Conserverà questo sentimento per tutta la vita: quando da cappuccino andava in giro per la questua, era sommamente soddisfatto di tornare in convento con la bisaccia vuota. Quanto riceveva in offerta lo dava ai bisognosi.
Studiò con ottimi risultati nel collegio municipale di Lovere (Bergamo) e da qui passò al seminario di Brescia dove si impose un’esigente disciplina spirituale. Ordinato sacerdote nel 1867 ricoprì alcuni incarichi, tra cui quello di vicerettore del seminario, ma ogni volta venne rimosso perché assolutamente privo di autorità.
L’innata timidezza lo portava a desiderare di vivere in solitudine, tra preghiere e penitenze.

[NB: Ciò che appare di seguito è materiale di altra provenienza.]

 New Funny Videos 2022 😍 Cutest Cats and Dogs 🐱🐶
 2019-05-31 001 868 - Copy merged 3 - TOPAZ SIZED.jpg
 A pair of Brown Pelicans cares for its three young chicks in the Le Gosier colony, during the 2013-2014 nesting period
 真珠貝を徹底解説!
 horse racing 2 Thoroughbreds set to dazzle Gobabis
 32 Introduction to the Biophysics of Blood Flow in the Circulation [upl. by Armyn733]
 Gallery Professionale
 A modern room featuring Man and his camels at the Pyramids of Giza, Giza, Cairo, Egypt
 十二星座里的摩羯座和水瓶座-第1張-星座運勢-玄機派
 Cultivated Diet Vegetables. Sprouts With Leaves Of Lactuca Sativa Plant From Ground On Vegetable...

Il 16 aprile 1874 cominciò il noviziato tra i cappuccini dell’Annunziata di Borno (ora Cogno).
Quattro anni più tardi emise la professione solenne e venne nominato vicemaestro dei novizi. Per alcuni mesi, tra il 1880 e il 1881, fece parte della redazione della rivista Annali Francescani, su incarico del Padre Agostino da Crema, amico del Rosmini.
Eccetto brevi incarichi e la predicazione di esercizi spirituali in alcuni conventi lombardi, fu nel convento-eremo dell’Annunziata che visse intensamente l’abbandono nel Signore, definito “loquela taciturna d’amore”. Nonostante l’eccellente conoscenza della teologia, trasmessa anche ai confratelli, astutamente appariva dimesso, con la volontà di voler sempre scomparire e mai apparire.

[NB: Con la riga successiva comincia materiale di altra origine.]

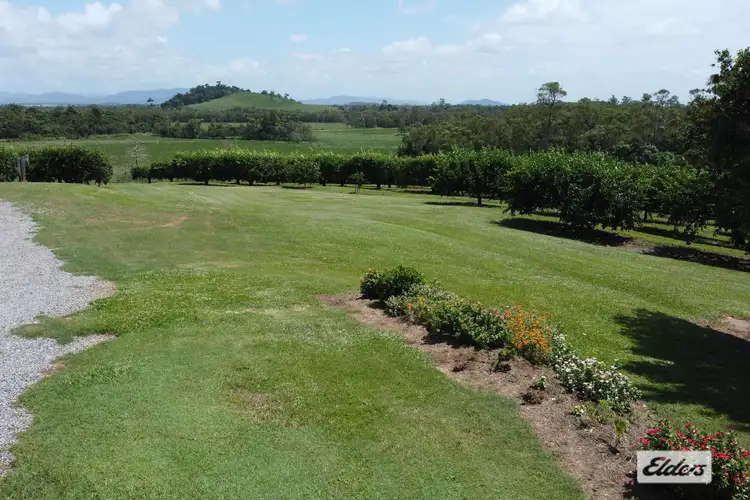 Fifth view of Homely house listing, 421 Bingil Bay Road, Bingil Bay QLD 4852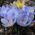 Krokus Blue Pearl - 10 cebulek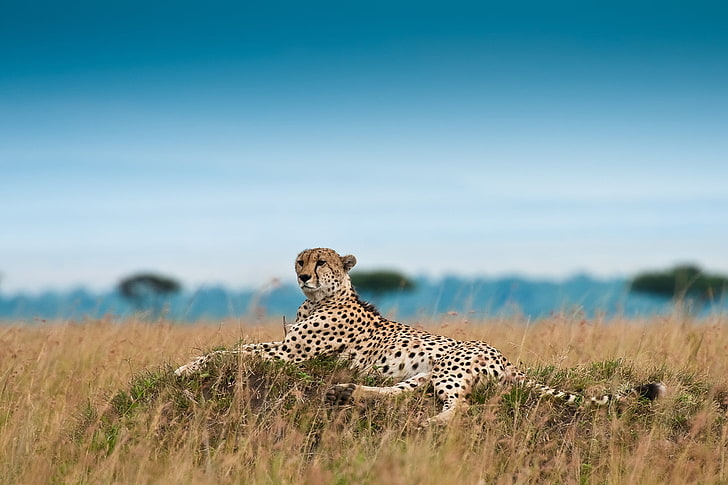 brown and beige cheetah, cheetah, leisure, leopard, grass, big cat, HD wallpaper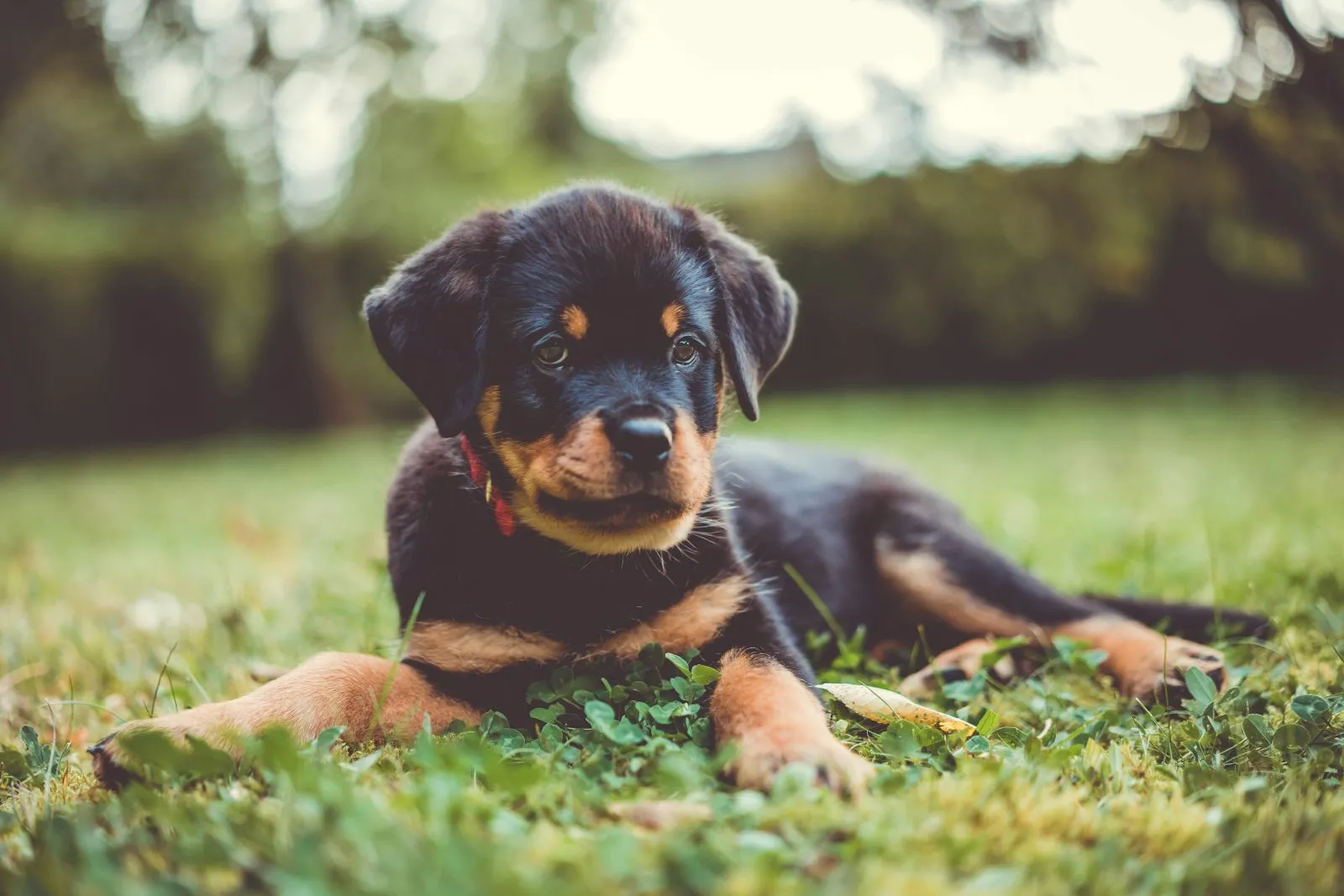Szczeniak Rottweiler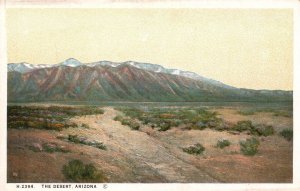 Desert Arizona Dreary Stretches Sand & Alkali Rugged Rocks, Vintage Postcard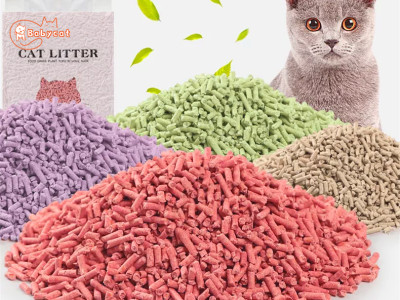 Best selling Flushable Tofu Cat Litter China supplier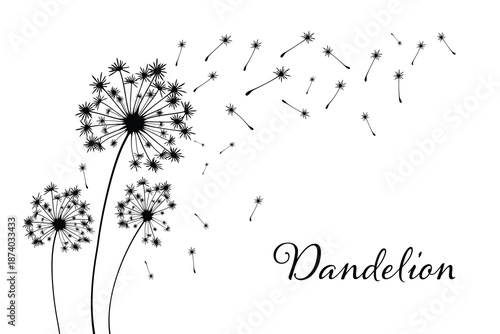 Vector illustration of dandelion time. White Beautiful realistic Dandelion seeds blowing in the wind. The wind inflates a dandelion isolated in editable blue sky background.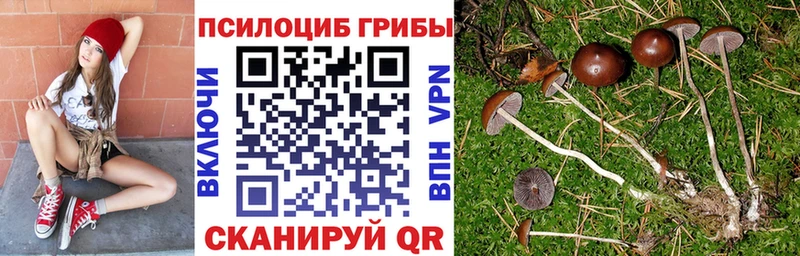 дарнет шоп Пионерский Псилоцибиновые грибы GOLDEN TEACHER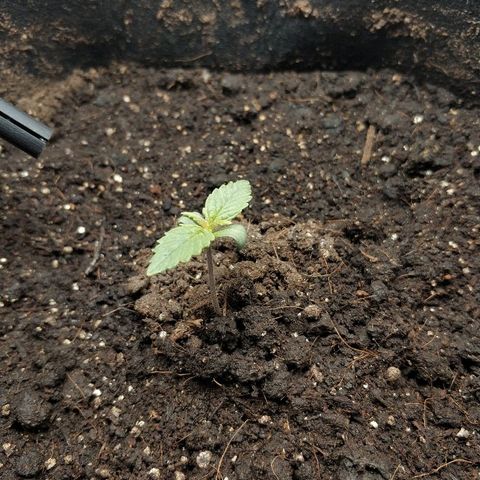 AutoEuforia growlog timeline photo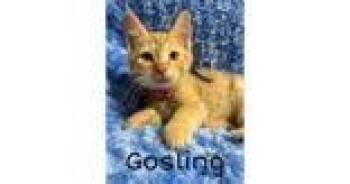 Domestic Short Hair Cats Available for Adoption in Newport, Kentucky - Gosling | PetCurious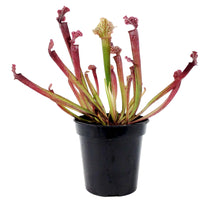 Load image into Gallery viewer, Sarracenia, 3.5in, Judith Hindle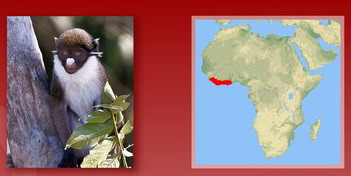 Название: Малая белоносая мартышка.jpg
Просмотров: 475
Размер: 26.8 Кб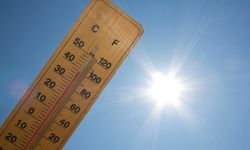 Kasım Pastırma Sıcağıyla Geçti: Son 55 Yılın En Sıcak 3’üncü Kasım Ayı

Innamorato dell’Eucaristia (se sue S. Messe erano di un’intensità eccezionale), sostava quanto più poteva davanti al tabernacolo. Amava molto il Crocifisso e l’esercizio della Via Crucis che raccomandava ai suoi penitenti.

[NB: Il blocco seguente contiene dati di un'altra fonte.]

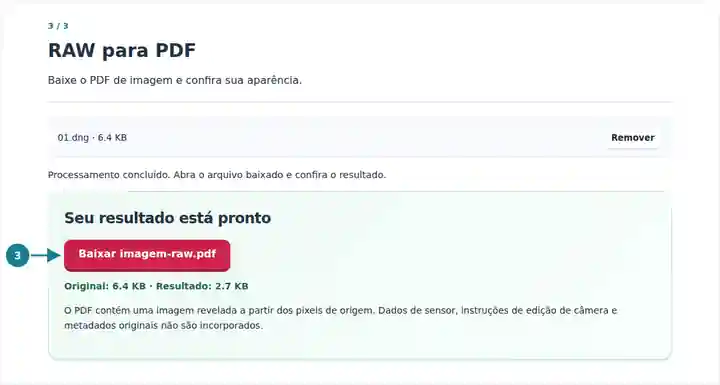 RAW para PDF: conversão da imagem concluída e download do PDF.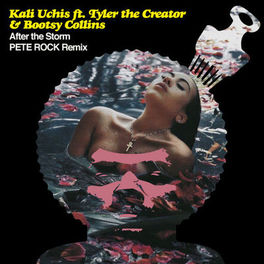 Album cover of After The Storm (Pete Rock Remix)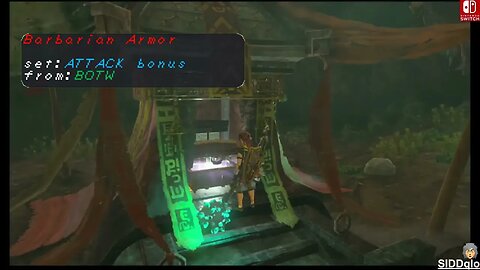 RARE ARMOR in Zelda TOTK Location (Skyward Sword, Barbarian, Climbing set)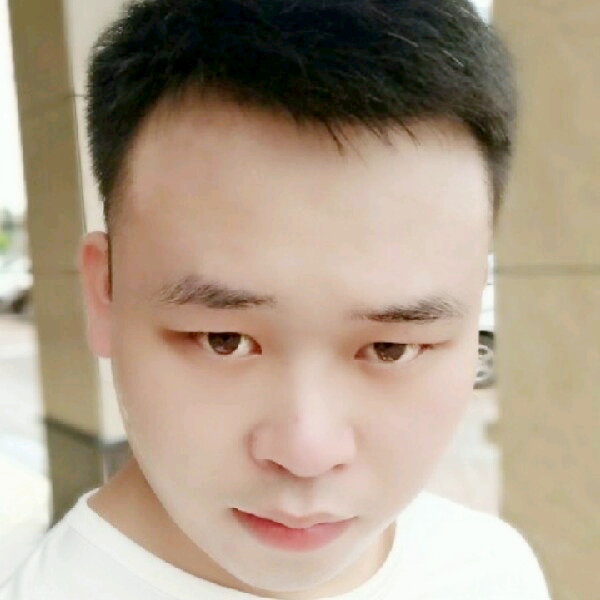 枫叶停止淡定的照片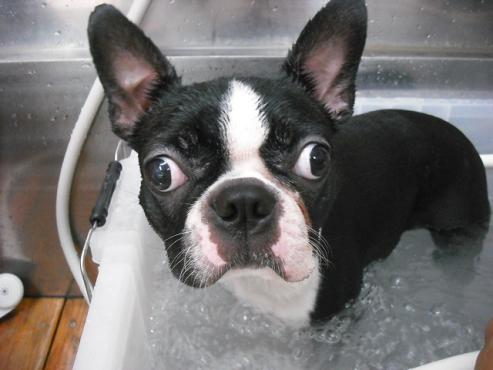 ファイル 863-2.jpg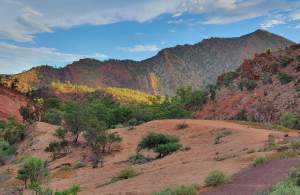 Red rock slopes and native vegetation in the Flinders Ranges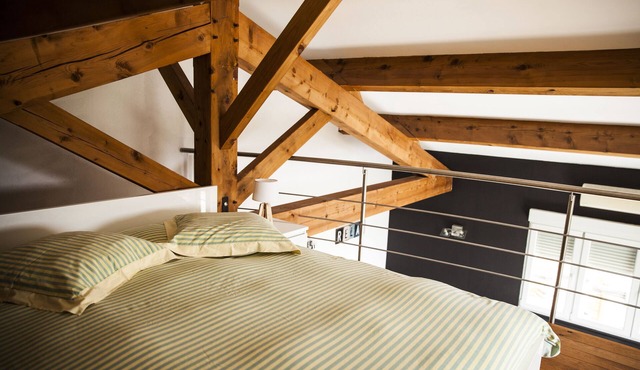 Cottage "Syrah" Domaine de Cazaban - view of the vineyards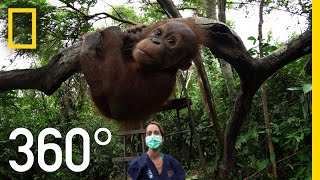 360° Orangutan School  National Geographic [upl. by Nagek]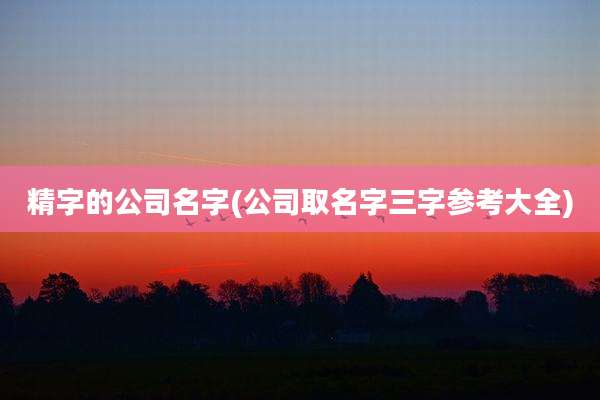 精字的公司名字(公司取名字三字参考大全)
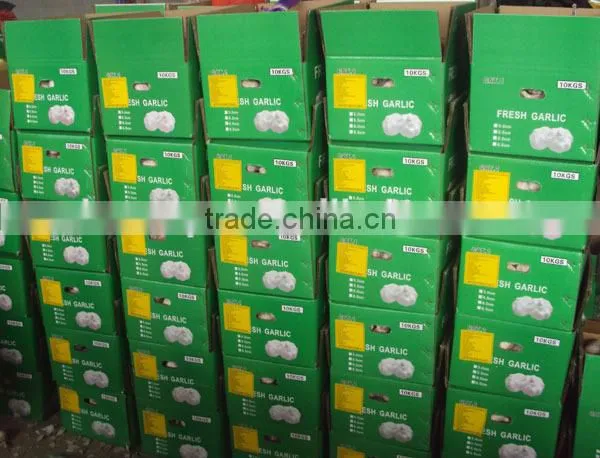 China natural fresh garlic price from Cold Storage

Il 3 marzo 1890, a soli quarantasei anni, ammalatosi seriamente, morì nell’infermeria del convento di Bergamo. Pochi mesi dopo le sue spoglie mortali furono trasferite solennemente a Berzo, lo circondava già una vasta fama di santità.
Il 12 novembre 1961 san Giovanni XXIII lo proclamò beato e patrono dei bambini, protagonisti dei due miracoli del processo di beatificazione.
L’Ordine dei Frati Minori Cappuccini ne fa memoria al 28 settembre, mentre nel santuario della Santissima Annunciata, convento in cui il Beato è vissuto, la festa è la domenica dopo il Perdon d’Assisi (dopo 2 agosto).